William Quan Judge (* 13. April 1851 in Dublin, Irland; † 21. März 1896 in New York City) war ein irisch-US-amerikanischer Rechtsanwalt, Autor von esoterischen Werken, Theosoph und einer der Gründer der Theosophischen Gesellschaft (TG). Nach der ersten Spaltung der TG begründete er die Theosophische Gesellschaft in Amerika (TGinA), deren Präsident er auch wurde.
Leben und Wirken
Kindheit, Jugend und Heirat
William Quan Judge wurde am 13. April 1851 im irischen Dublin als Sohn von Frederic H. Judge und Alice Mary Quan geboren. Von daher leitete sich sein Doppelname „Quan Judge“ her. Noch als Kind verlor er seine Mutter und 1864 emigrierte sein Vater mit insgesamt sechs Kindern in die USA, wo er sich in Brooklyn niederließ. Im jugendlichen Alter verlor Judge auch seinen Vater und begann 1869 in New York Jura zu studieren. Im April 1872 erhielt er die US-amerikanische Staatsbürgerschaft und im Mai dieses Jahres wurde er, nach Abschluss seines Studiums, in New York als Anwalt zugelassen. Diesen Beruf übte er in den folgenden Jahren mit durchschnittlichem Erfolg aus und er brachte ihm daher auch nur bescheidene Erträge ein. 1874 heiratete er die Lehrerin Ella M. Smith; aus der Verbindung mit Smith ging eine Tochter hervor, die jedoch bereits um die Jahreswende 1878/79 an Diphtherie starb. 1893 zog die Familie nach New York um. Smith war strenggläubige Methodistin und lehnte die Theosophie bis zum Tode Judges 1896 ab, dann jedoch änderte sie ihre Einstellung und trat der TG bei.
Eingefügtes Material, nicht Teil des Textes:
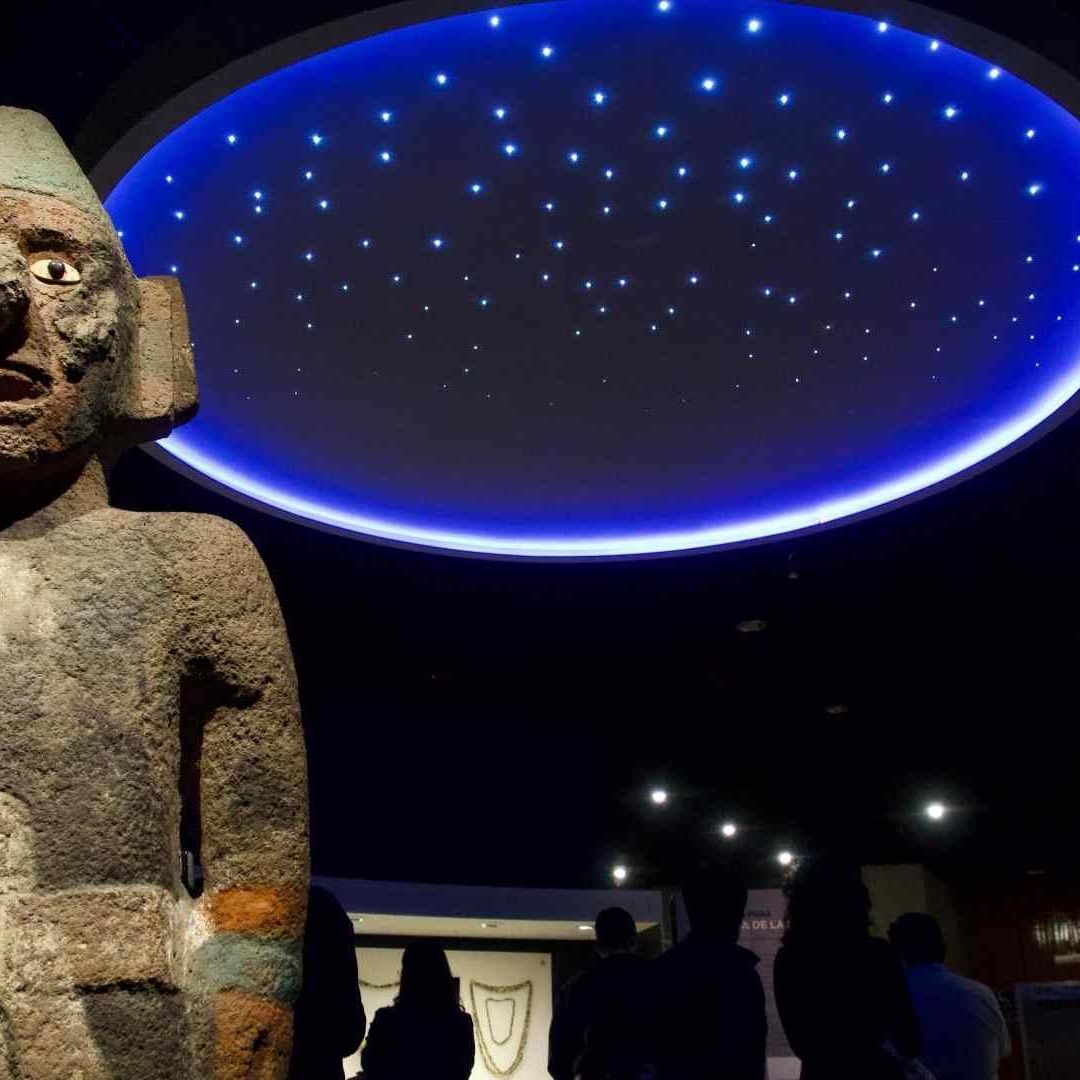 Fotos: Templo Mayor Celebra con Exposición 45 Años del Descubrimiento de la Coyolxauhqui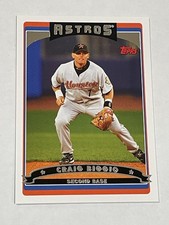 2006 Topps Baseball #72 - Craig Biggio - Houston Astros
Gründung der Theosophischen Gesellschaft
Schon durch seinen Vater, der Kontakte zu den Freimaurern pflegte, war Judge in einem aufgeklärten Geist erzogen worden und interessierte sich für verschiedene Religionen, aber auch esoterische Gedanken weckten seine Neugier. 1874 las er einen Vorabdruck von Henry Steel Olcotts Buch People from the other world und suchte und fand im Anschluss daran Kontakt mit dem Autor und Helena Blavatsky. Judge hatte die Idee, und gab Blavatsky den Anstoß, für eine Gesellschaft zum Studium der Geheimwissenschaften und am 8. September 1875 gründeten Judge, Olcott, Blavatsky u. a. die „Theosophical Society“ (= TS = Theosophische Gesellschaft (TG)). Am 17. November 1875 wurde Olcott auf Vorschlag Judges zum ersten Präsidenten der TG gewählt, Judge selbst wurde Generalsekretär. Die nächsten Jahre brachten neben seiner Tätigkeit für die TG eine intensive Auseinandersetzung mit esoterischen und religiösen Themen, vor allem im Dialog mit Blavatsky und Olcott. Hier holte sich Judge das Rüstzeug für seine spätere schriftstellerische Tätigkeit und die zukünftige Führung der TG in den USA. Nach Judges eigenen Angaben brachte Blavatsky ihn auch in Kontakt mit sogenannten Meistern der Weisheit. Diese „Meister“ sollen sowohl ihm allein, als auch Blavatsky und Olcott erschienen sein und Anweisungen bzw. Hinweise, sowohl mündlich als auch in Form von sogenannten „Meisterbriefen“, gegeben haben. Da diese Aussagen nicht nachprüfbar waren, ist deren Wahrheitsgehalt umstritten.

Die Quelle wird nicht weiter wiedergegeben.